START Dataset entries

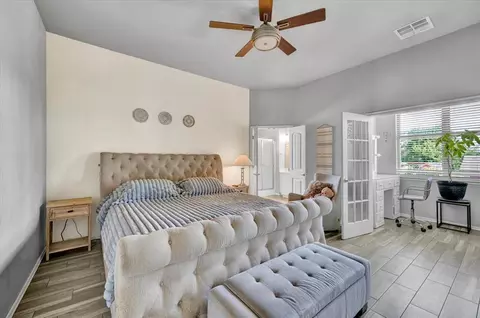 Bedroom - 2004 County Road 1198, Tuttle, OK 73089 photo 4 of 5
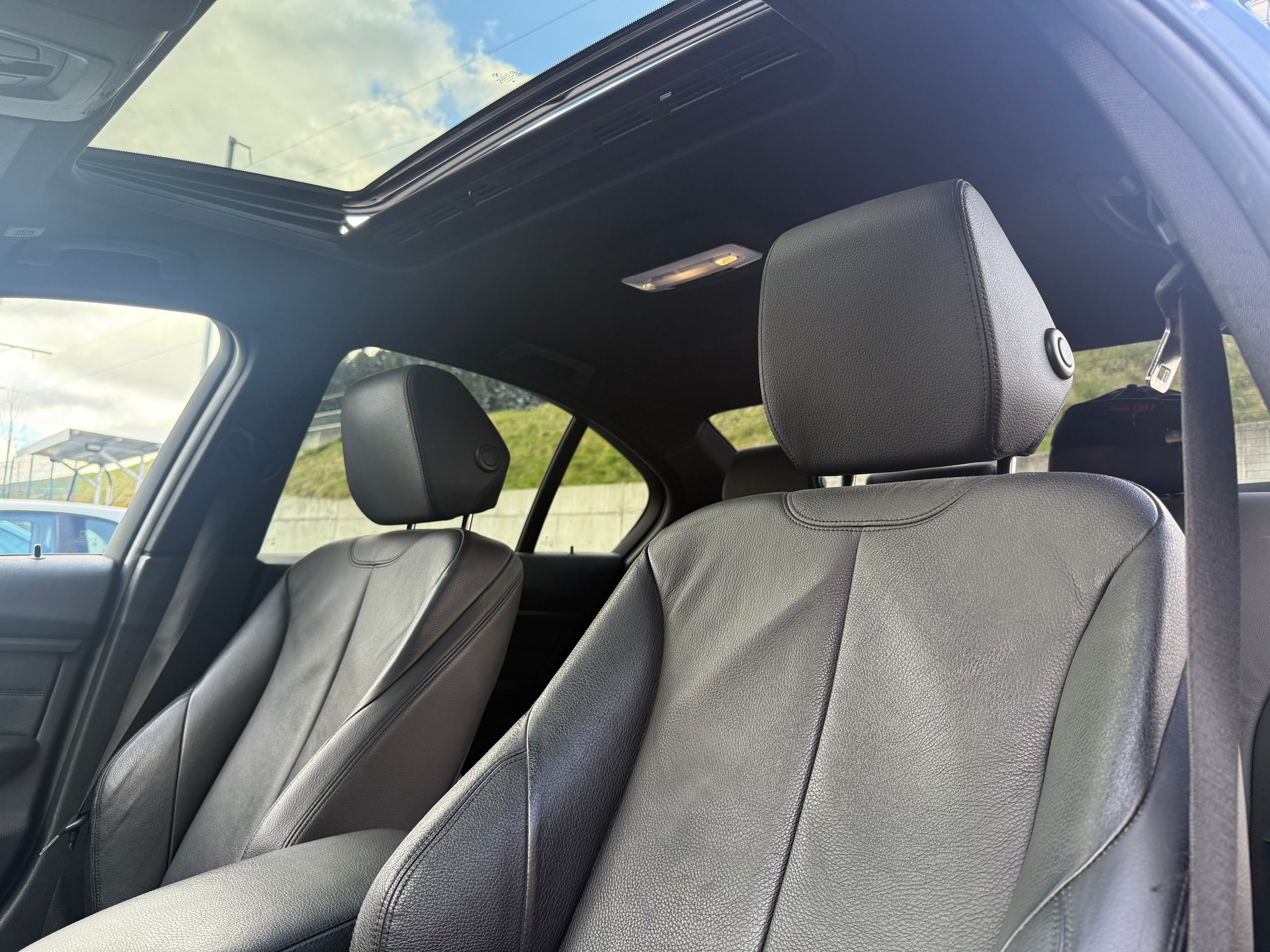 BMW 328i xDrive Sport Line Steptronic-image-5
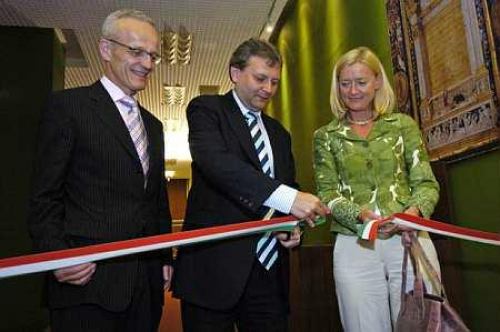 Helwig Schmidt-Glintzert professzor, a wolfenbütteli Herzog August Bibliothek főigazgatója, Hiller István oktatási és kulturális miniszter és Johanna Rachingert, az Osztrák Nemzeti Könyvtár főigazgatója megnyitja Mátyás király könyvtárának legszebb kódexét, a Philostratus-corvinát bemutató Nemzeti ereklye kiállítóteret az Országos Széchenyi Könyvtárban. (MTI Fotó: Szigetváry Zsolt)
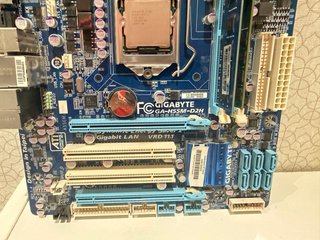 Placa base Gigabyte GA-H55M-D2H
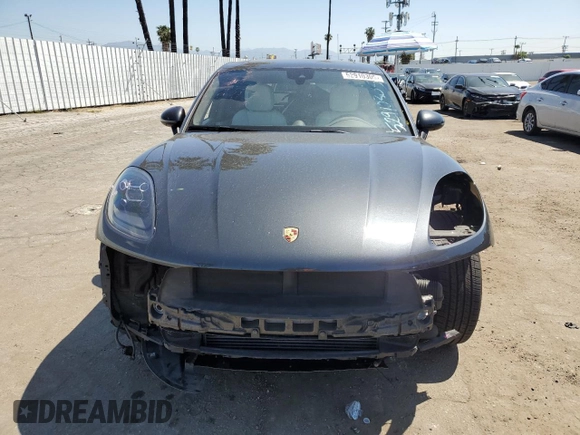 2020 Porsche Macan with VIN WP1AA2A52LLB02702, listed as a Copart auction lot 52910305 with 36,063 mi miles and Salvage title. Bid and sale history available at DreamBid. Image 5.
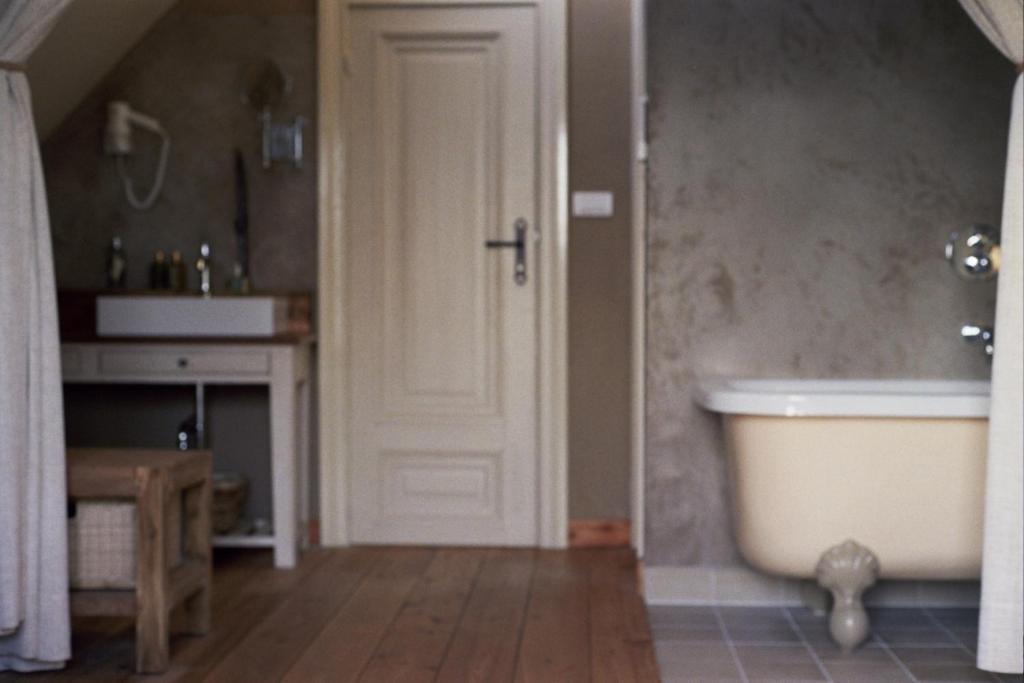 1669 Bed & Breakfast 4*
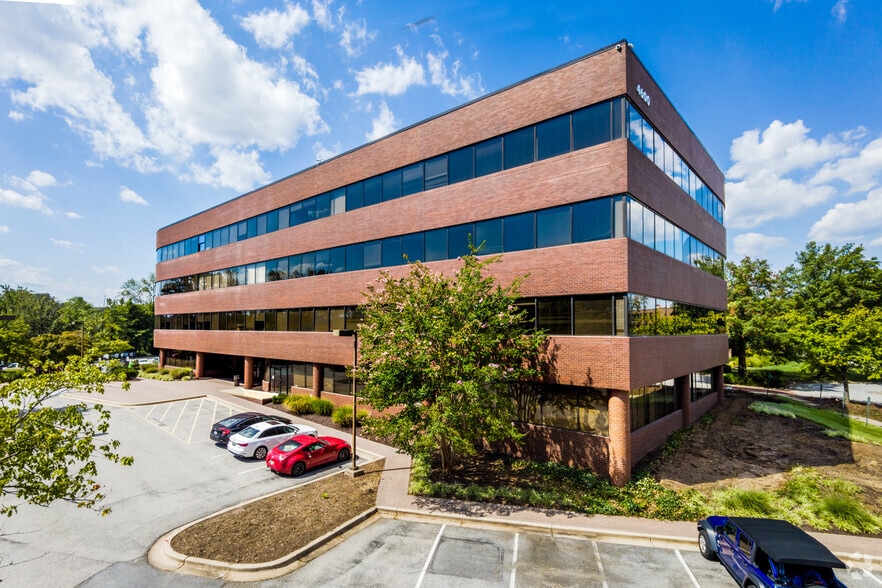4600 Forbes Blvd, Lanham, MD for lease - Building Photo - Image 2 of 11
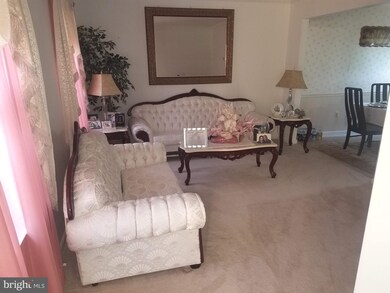 9201 Mchenry Ln, Lanham, MD 20706 - photo 5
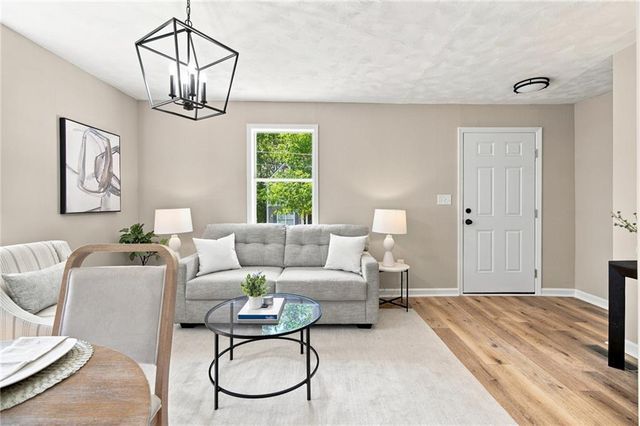 1869 Spring Avenue NW, Atlanta, GA 30318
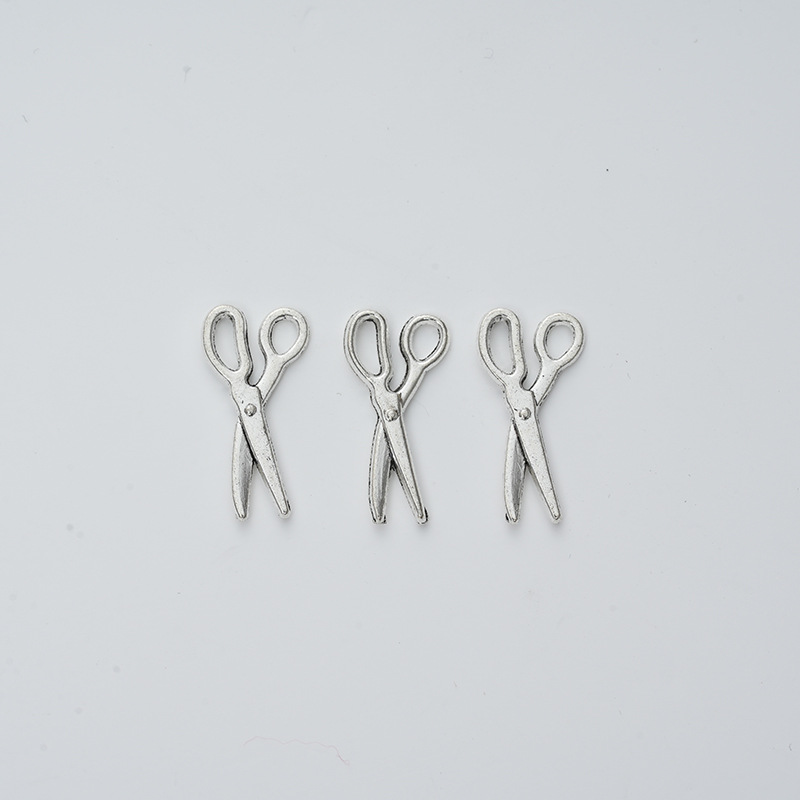 Scissors 17.5x9x1mm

END Dataset entries

Each line from the one containing "Placa base Gigabyte GA-H55M-D2H" through the end of the records above is to be retyped exactly, with the pictures omitted and nothing added.

### Exercise result
 Placa base Gigabyte GA-H55M-D2H
 2020 Porsche Macan with VIN WP1AA2A52LLB02702, listed as a Copart auction lot 52910305 with 36,063 mi miles and Salvage title. Bid and sale history available at DreamBid. Image 5.
 1669 Bed & Breakfast 4*
4600 Forbes Blvd, Lanham, MD for lease - Building Photo - Image 2 of 11
 9201 Mchenry Ln, Lanham, MD 20706 - photo 5
 1869 Spring Avenue NW, Atlanta, GA 30318
 Scissors 17.5x9x1mm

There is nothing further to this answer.